_What is required_. Copy out exactly the lines beginning with the one that contains "2025 BMW 330 i xDrive" and ending at the last line of the listing, skipping any pictures.

_Supplied entries_.
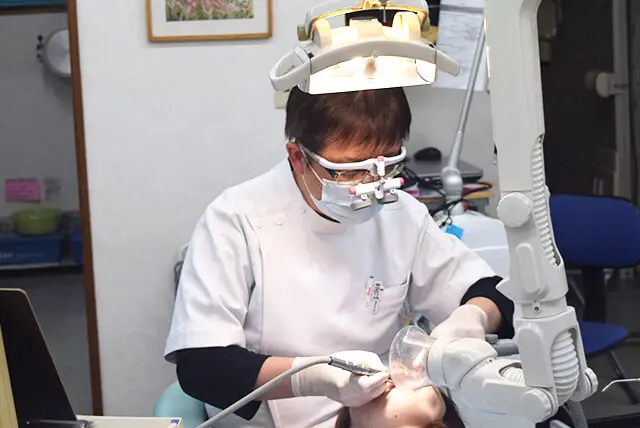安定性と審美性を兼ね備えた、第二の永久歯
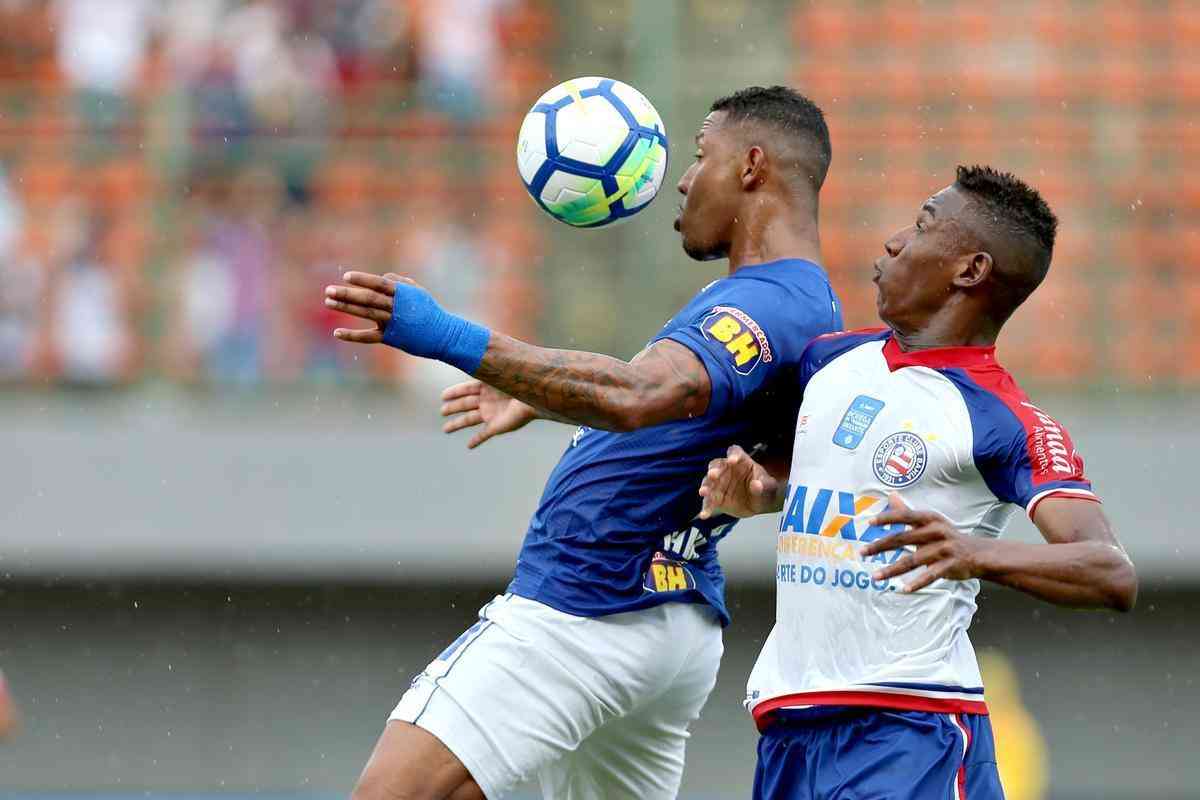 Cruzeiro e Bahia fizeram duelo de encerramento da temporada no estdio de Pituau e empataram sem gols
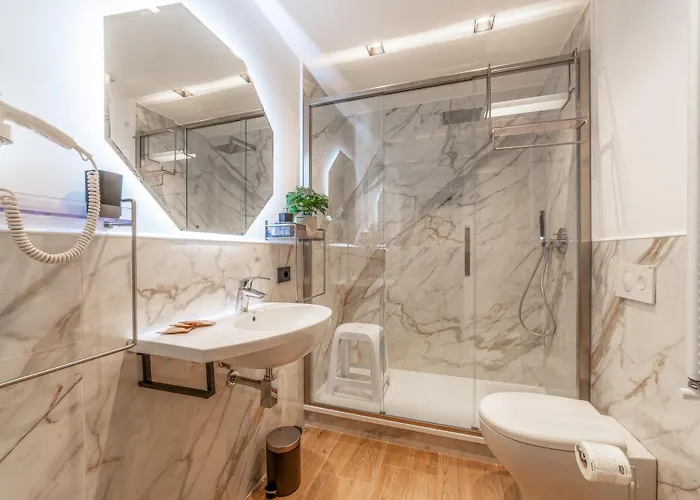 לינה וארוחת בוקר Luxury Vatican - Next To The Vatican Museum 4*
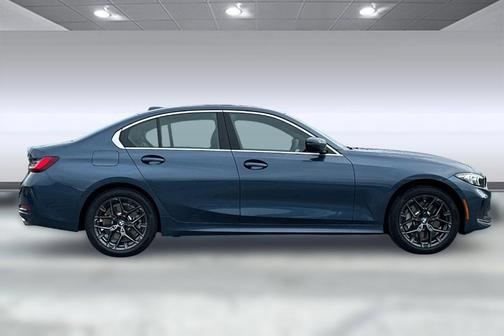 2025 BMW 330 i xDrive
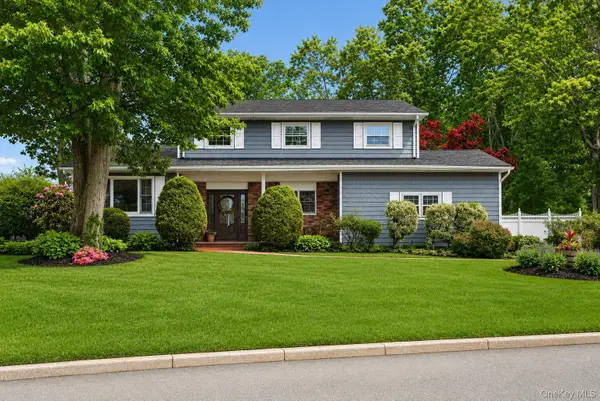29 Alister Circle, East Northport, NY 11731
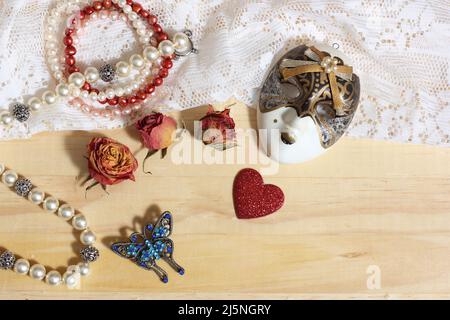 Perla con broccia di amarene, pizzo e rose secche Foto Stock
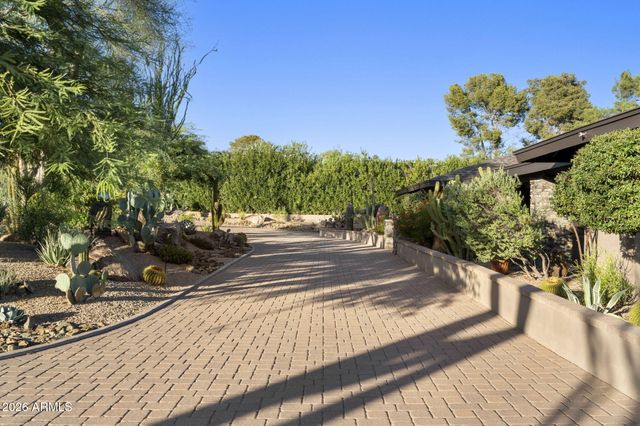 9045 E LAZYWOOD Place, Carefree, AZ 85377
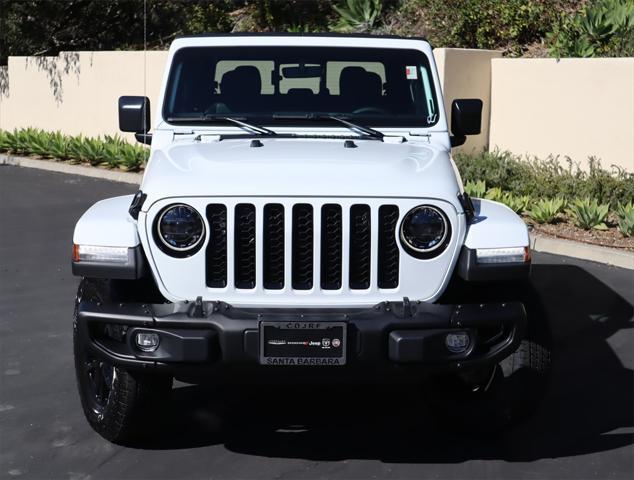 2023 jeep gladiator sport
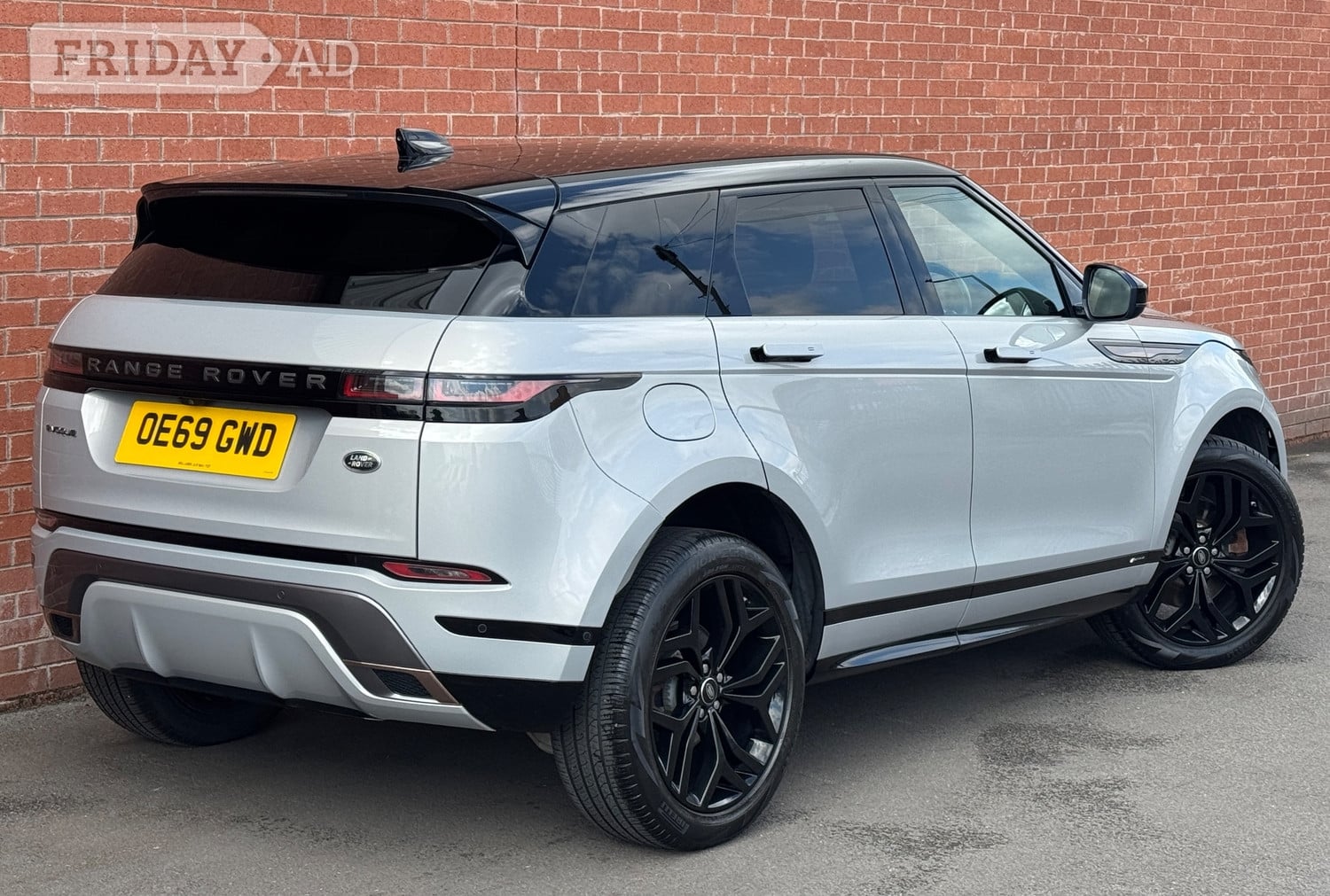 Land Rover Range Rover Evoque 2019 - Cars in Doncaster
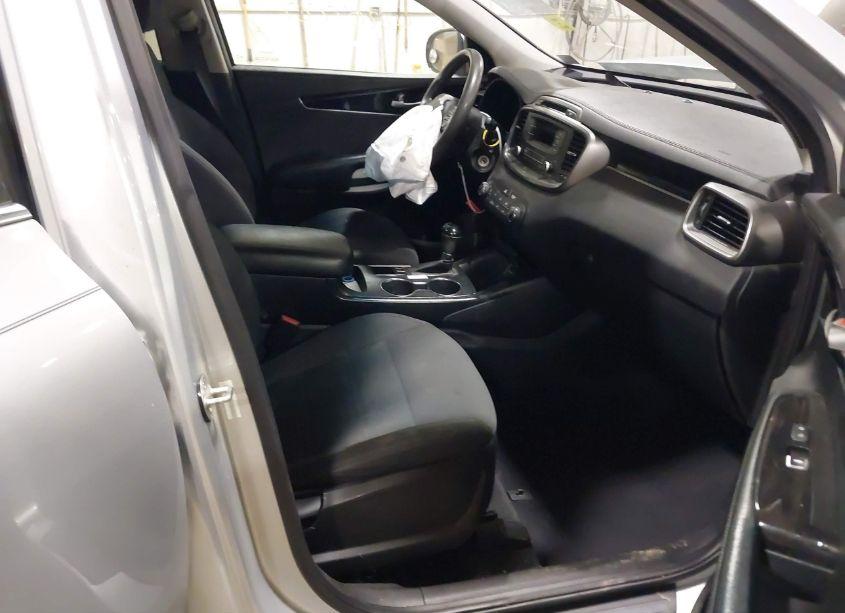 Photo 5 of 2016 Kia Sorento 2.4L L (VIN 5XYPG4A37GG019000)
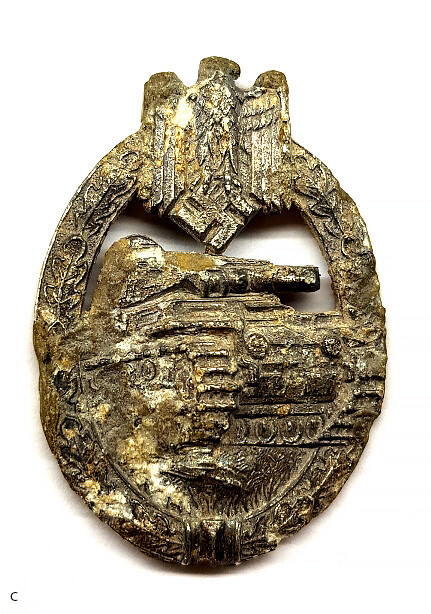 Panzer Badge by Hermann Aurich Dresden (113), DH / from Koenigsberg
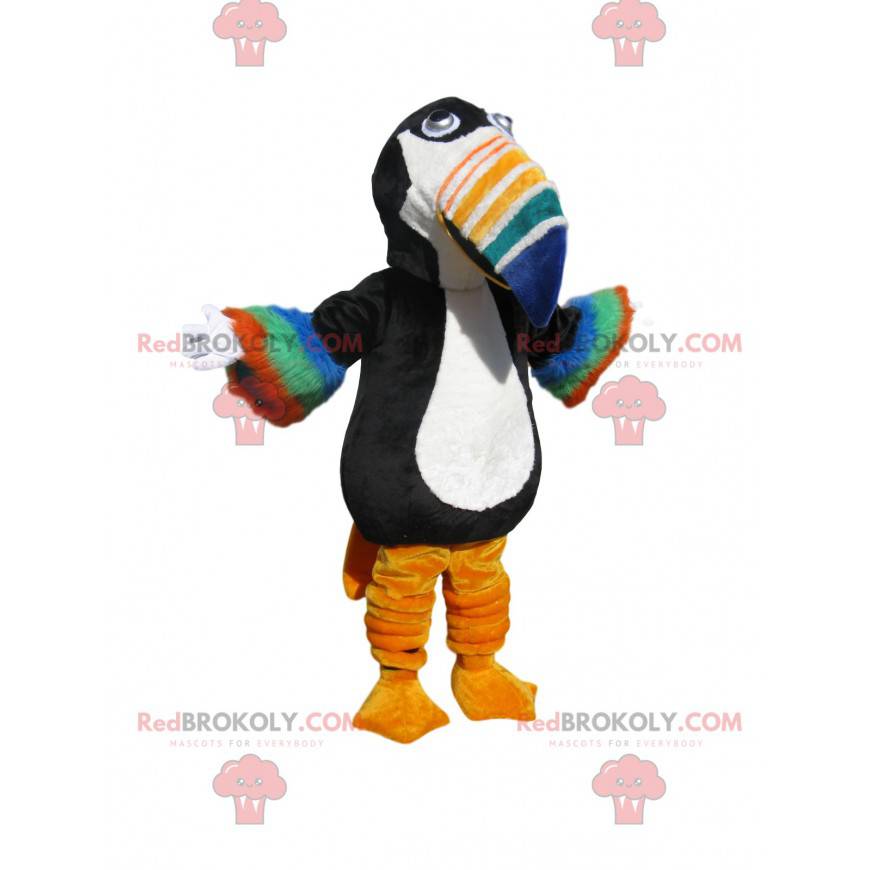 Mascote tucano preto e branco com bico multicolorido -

_Result of this task_.
 2025 BMW 330 i xDrive
29 Alister Circle, East Northport, NY 11731
 Perla con broccia di amarene, pizzo e rose secche Foto Stock
 9045 E LAZYWOOD Place, Carefree, AZ 85377
 2023 jeep gladiator sport
 Land Rover Range Rover Evoque 2019 - Cars in Doncaster
 Photo 5 of 2016 Kia Sorento 2.4L L (VIN 5XYPG4A37GG019000)
 Panzer Badge by Hermann Aurich Dresden (113), DH / from Koenigsberg
 Mascote tucano preto e branco com bico multicolorido -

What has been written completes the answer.